- _Dataset_
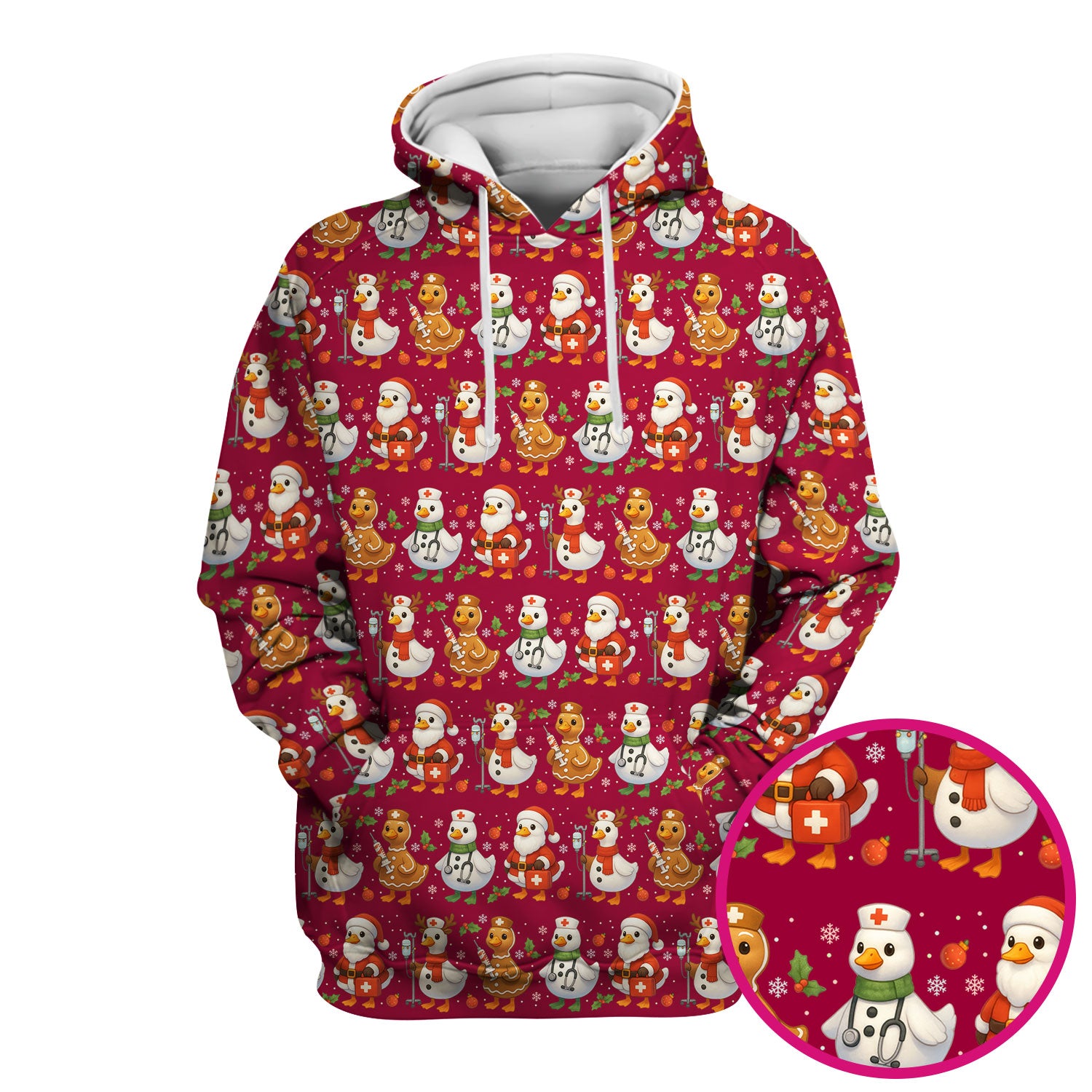 Christmas Goose Scrubs for Women - Funny Holiday Goose Pattern Medical Scrub Top - Festive Christmas Scrubs with Cute Nurse Design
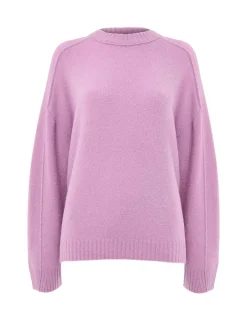 Wool Blend Textured Crew Neck Jumper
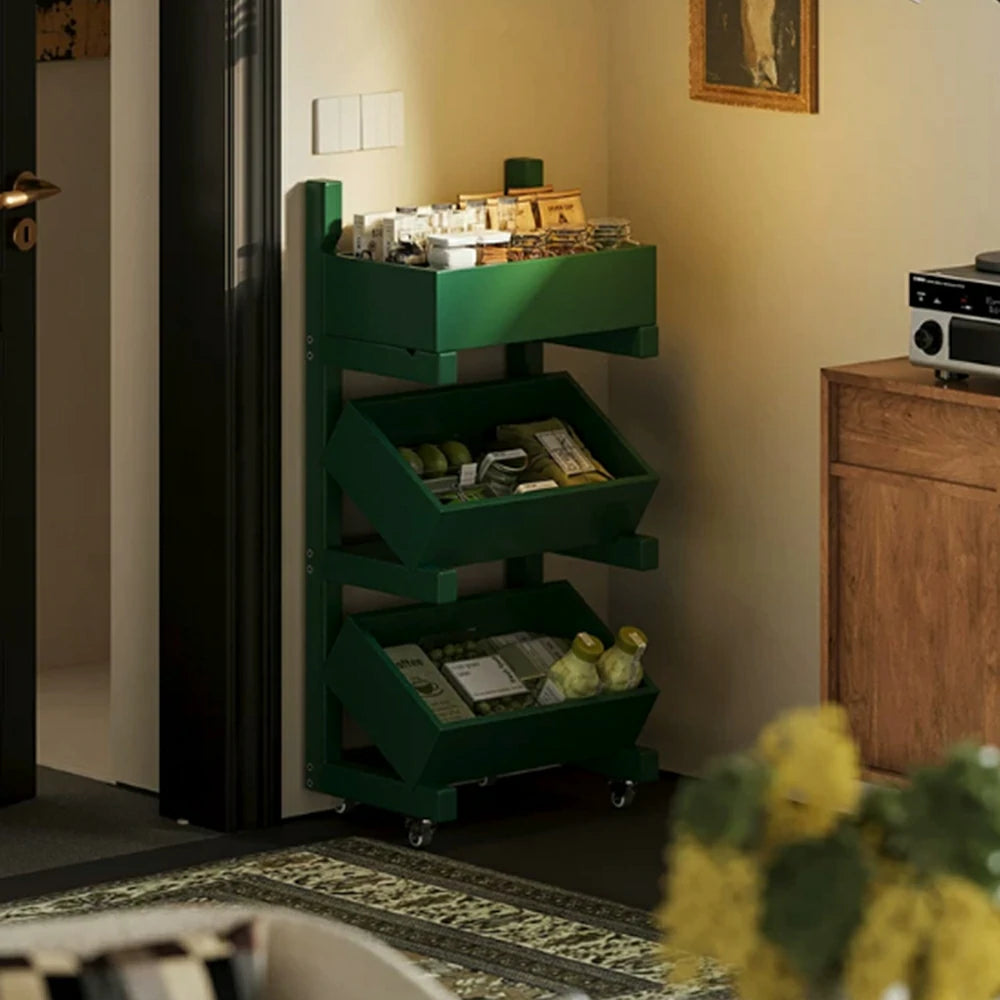 LIVARA 3 Tier Solid Wood Snack Storage Rack Rolling Organizer for Kitchen Dining Room - Green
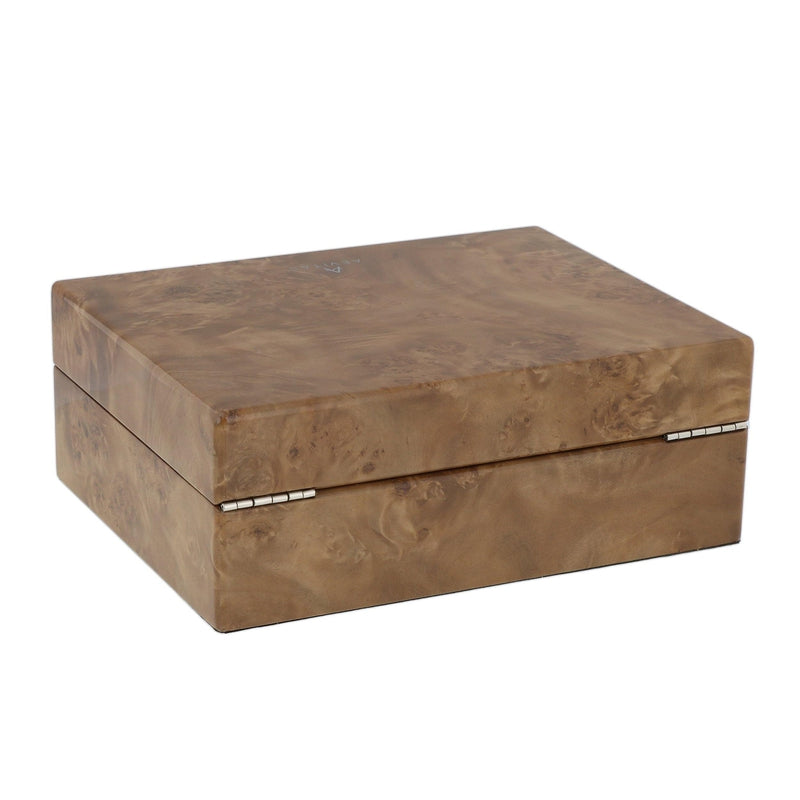 Light Burl Walnut Solid Top Collectors Box for 4 Watches and 16 Pair Cufflinks by Aevitas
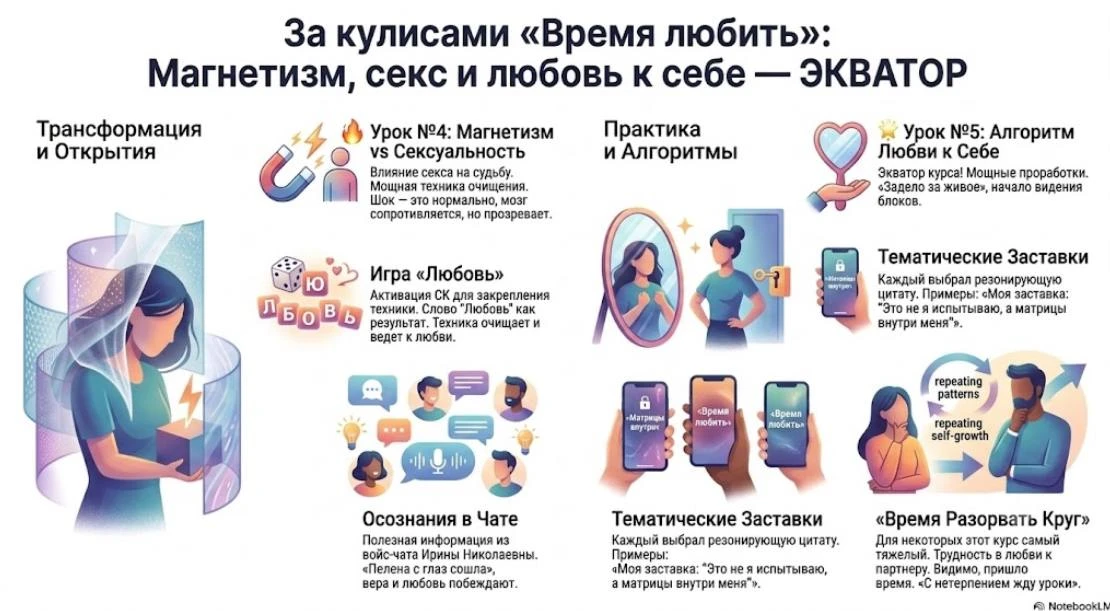 Магнетизм, сеkс и любовь к себе. Что происходит на экваторе

Заглянем в чат курса «Время любить». Та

- _What is needed_
From the material above, set down each entry exactly, but exclude the pictures.

- _Problem solution_
 Christmas Goose Scrubs for Women - Funny Holiday Goose Pattern Medical Scrub Top - Festive Christmas Scrubs with Cute Nurse Design
 Wool Blend Textured Crew Neck Jumper
 LIVARA 3 Tier Solid Wood Snack Storage Rack Rolling Organizer for Kitchen Dining Room - Green
 Light Burl Walnut Solid Top Collectors Box for 4 Watches and 16 Pair Cufflinks by Aevitas
 Магнетизм, сеkс и любовь к себе. Что происходит на экваторе

Заглянем в чат курса «Время любить». Та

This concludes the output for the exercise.